Reproduce the section of the listing that begins at the line containing "Korištenje 3d funkcije" and finishes at the line containing "Casamilano shard wall". Include both end lines and nothing beyond them.

[[ SUPPLIED INFORMATION open ]]

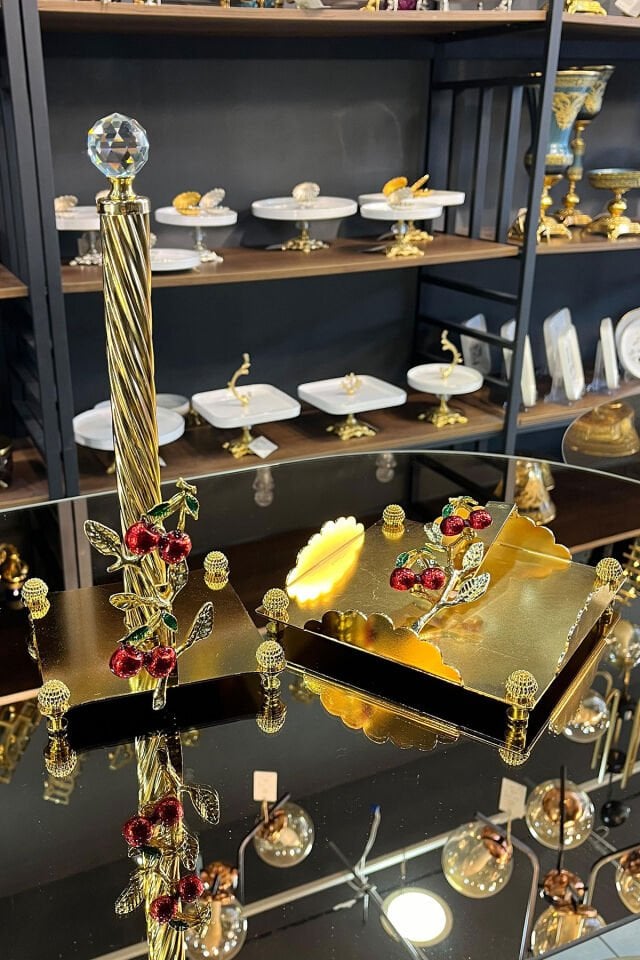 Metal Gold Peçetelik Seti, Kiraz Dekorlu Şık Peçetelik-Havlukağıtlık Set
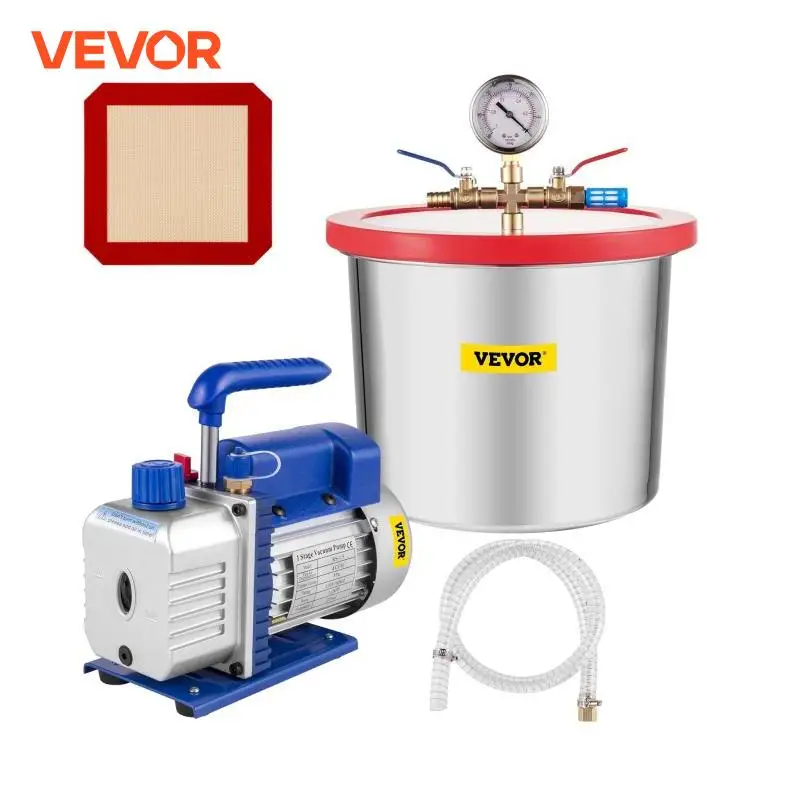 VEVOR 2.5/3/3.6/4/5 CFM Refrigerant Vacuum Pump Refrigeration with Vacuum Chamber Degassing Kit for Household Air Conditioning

[[ SUPPLIED INFORMATION closed ]]
[[ SUPPLIED INFORMATION open ]]

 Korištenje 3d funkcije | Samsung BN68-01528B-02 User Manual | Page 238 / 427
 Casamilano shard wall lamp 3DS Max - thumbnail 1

[[ SUPPLIED INFORMATION closed ]]

**RESULT OF THE TASK**
 Korištenje 3d funkcije | Samsung BN68-01528B-02 User Manual | Page 238 / 427
 Casamilano shard wall lamp 3DS Max - thumbnail 1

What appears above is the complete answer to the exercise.